### What is being asked
The entries below should be repeated exactly, with no pictures carried over.

(Items listed in a dataset)
^^^^
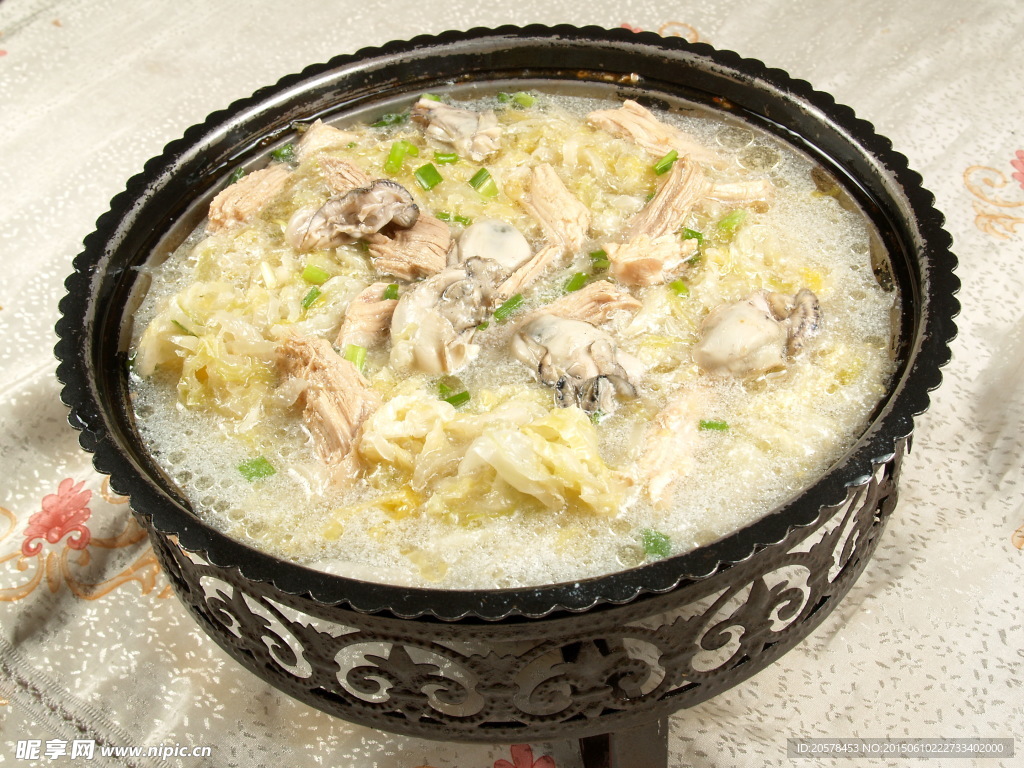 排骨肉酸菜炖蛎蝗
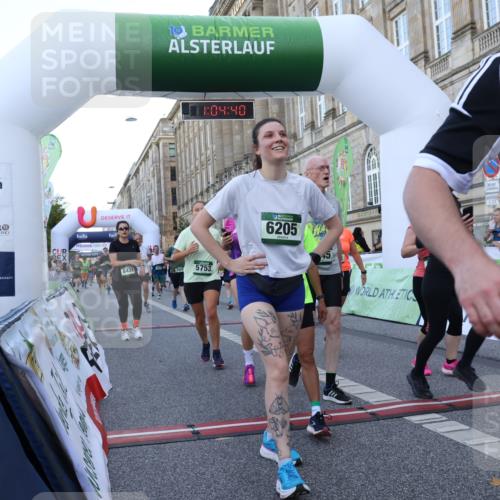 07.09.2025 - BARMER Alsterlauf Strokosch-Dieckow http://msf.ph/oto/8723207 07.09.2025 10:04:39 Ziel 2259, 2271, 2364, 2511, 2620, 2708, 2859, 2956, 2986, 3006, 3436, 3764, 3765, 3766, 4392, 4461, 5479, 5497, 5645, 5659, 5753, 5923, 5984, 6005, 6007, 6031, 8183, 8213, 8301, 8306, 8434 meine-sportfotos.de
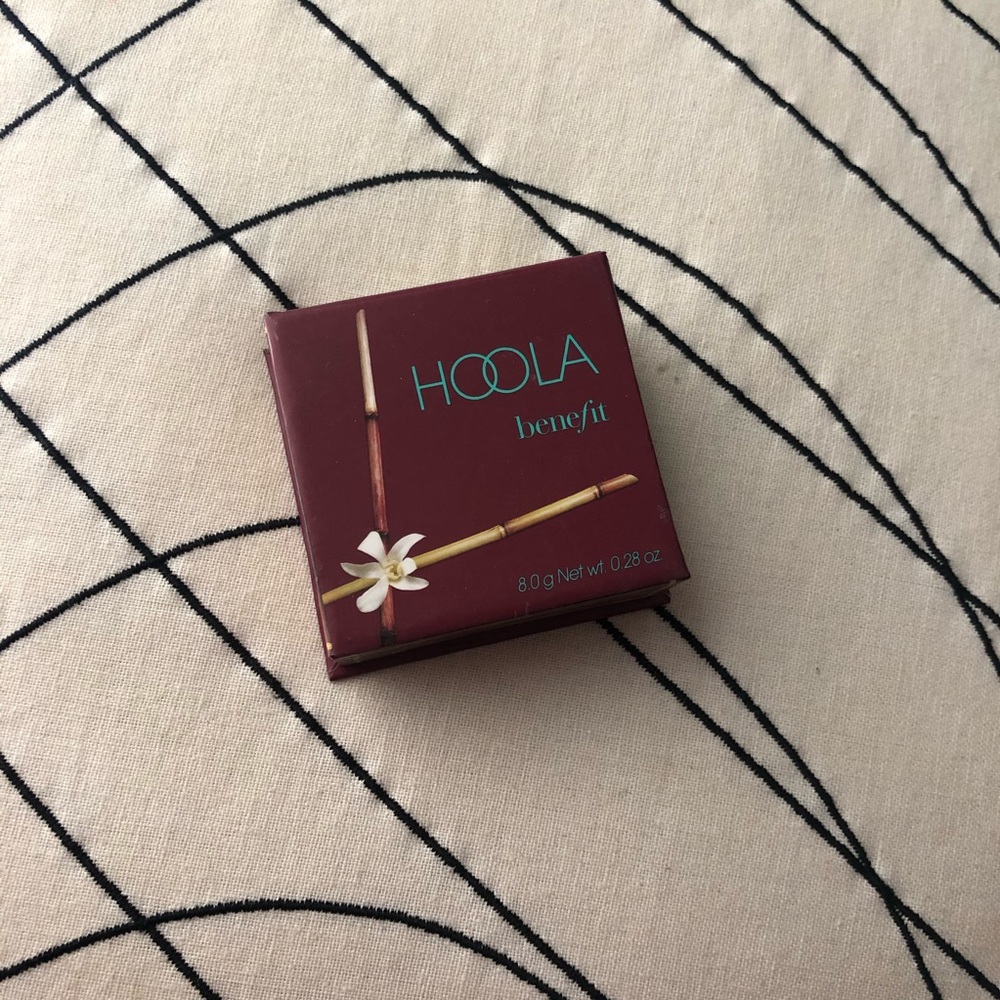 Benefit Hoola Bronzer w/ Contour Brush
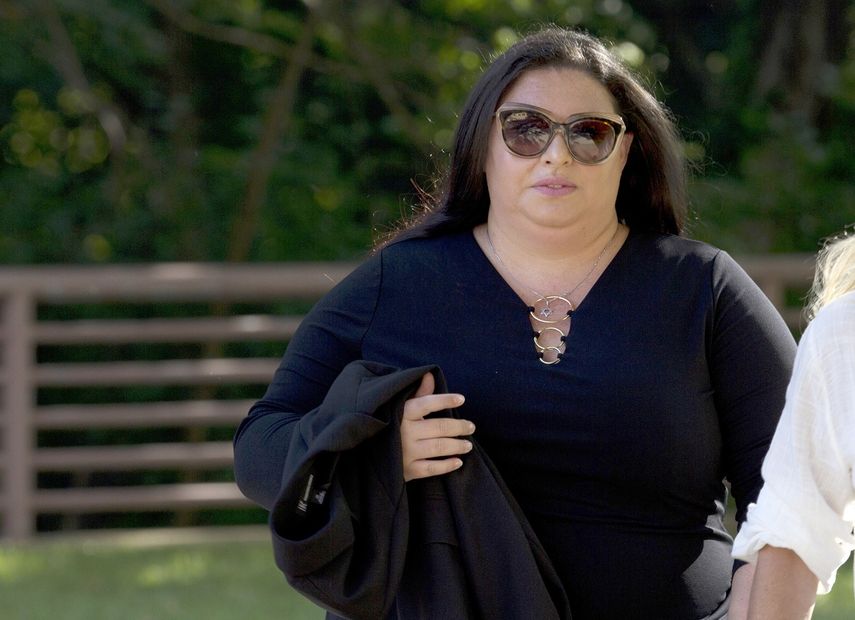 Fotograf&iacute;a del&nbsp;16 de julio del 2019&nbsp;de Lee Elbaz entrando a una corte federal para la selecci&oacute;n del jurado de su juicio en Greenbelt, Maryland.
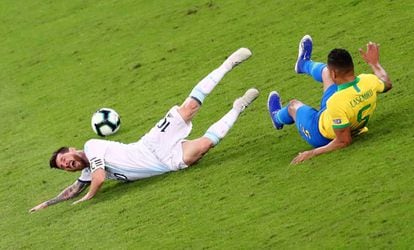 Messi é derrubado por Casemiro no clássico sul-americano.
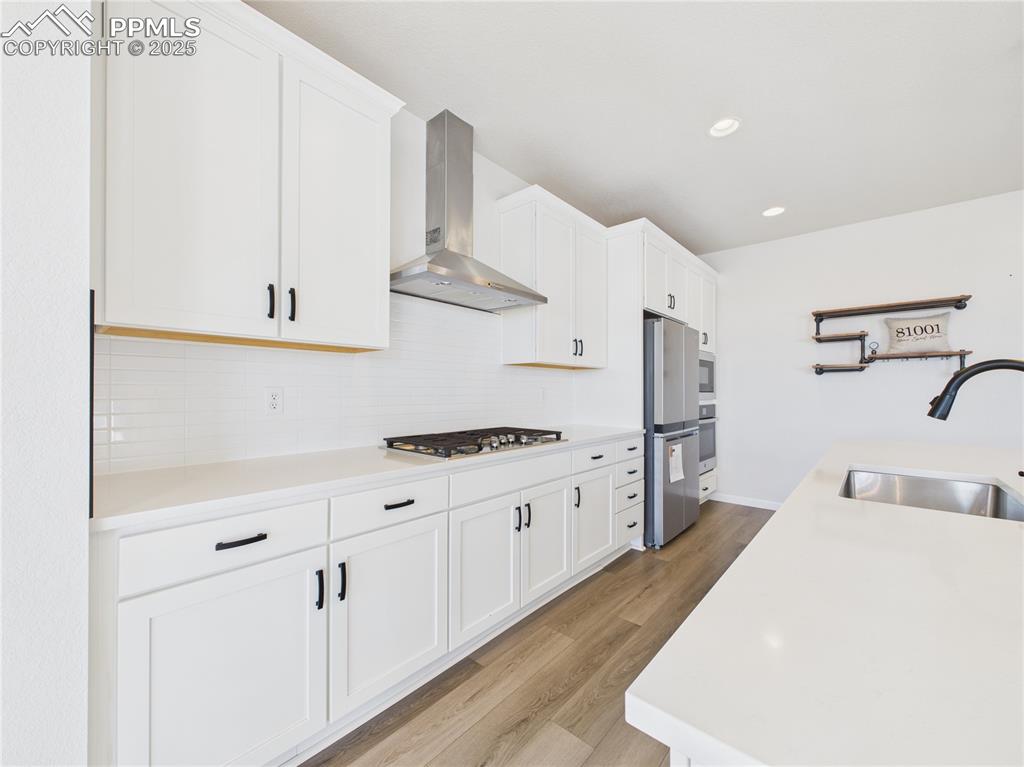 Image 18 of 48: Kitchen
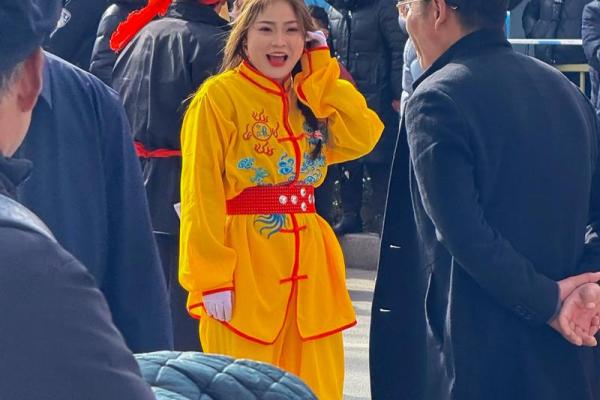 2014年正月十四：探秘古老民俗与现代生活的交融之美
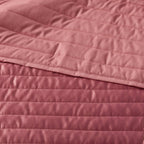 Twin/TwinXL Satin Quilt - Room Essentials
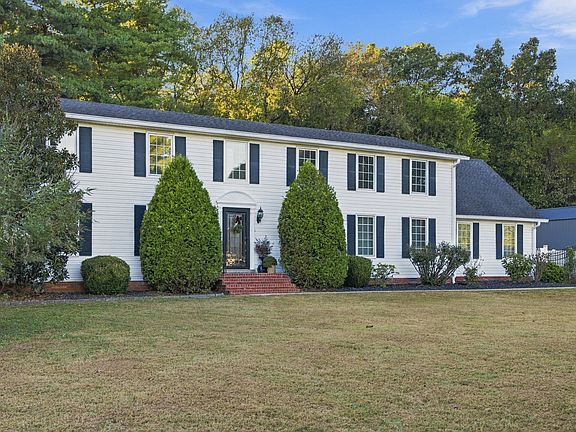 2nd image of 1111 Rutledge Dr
^^^^
### Answer space
 排骨肉酸菜炖蛎蝗
 07.09.2025 - BARMER Alsterlauf Strokosch-Dieckow http://msf.ph/oto/8723207 07.09.2025 10:04:39 Ziel 2259, 2271, 2364, 2511, 2620, 2708, 2859, 2956, 2986, 3006, 3436, 3764, 3765, 3766, 4392, 4461, 5479, 5497, 5645, 5659, 5753, 5923, 5984, 6005, 6007, 6031, 8183, 8213, 8301, 8306, 8434 meine-sportfotos.de
 Benefit Hoola Bronzer w/ Contour Brush
 Fotograf&iacute;a del&nbsp;16 de julio del 2019&nbsp;de Lee Elbaz entrando a una corte federal para la selecci&oacute;n del jurado de su juicio en Greenbelt, Maryland.
 Messi é derrubado por Casemiro no clássico sul-americano.
 Image 18 of 48: Kitchen
 2014年正月十四：探秘古老民俗与现代生活的交融之美
 Twin/TwinXL Satin Quilt - Room Essentials
 2nd image of 1111 Rutledge Dr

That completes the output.